One of the last articles written by the late Andrew Taslitz (known as Taz to his friends) was entitled The Criminal Republic: Democratic Breakdown as a Cause of Mass Incarceration. The piece is quintessentially Tazian. It brings together Taz’s concern for racial minorities and criminal defendants, his belief in the reformist potency of democracy, and his fascination with social scientific findings (including research on “happiness”!), in a provocative effort to tackle the single biggest problem in our criminal justice system today: mass incarceration. His prescriptions in the article—in particular his assertion that “populist, deliberative democracy” can be a way of softening the harshness of American criminal justice—are worth taking seriously.

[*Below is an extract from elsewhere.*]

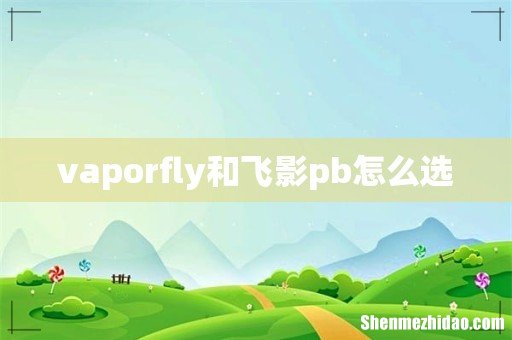 vaporfly和飞影pb怎么选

As Taz described it, populist, deliberative democracy (or PDD) is not regular old democracy. Rather, in the criminal justice context it involves all “social groups,” including convicted offenders, in deliberations that take place in multiple venues, with the expectation that “compromise rather than domination” will occur. He contrasts this type of democracy with “raw populism” that is not deliberative and that tends to be based on less information about competing interests. Although Taz did not think PDD would by itself result in less reliance on incarceration, he does marshal some strong evidence that it could move the country in that direction.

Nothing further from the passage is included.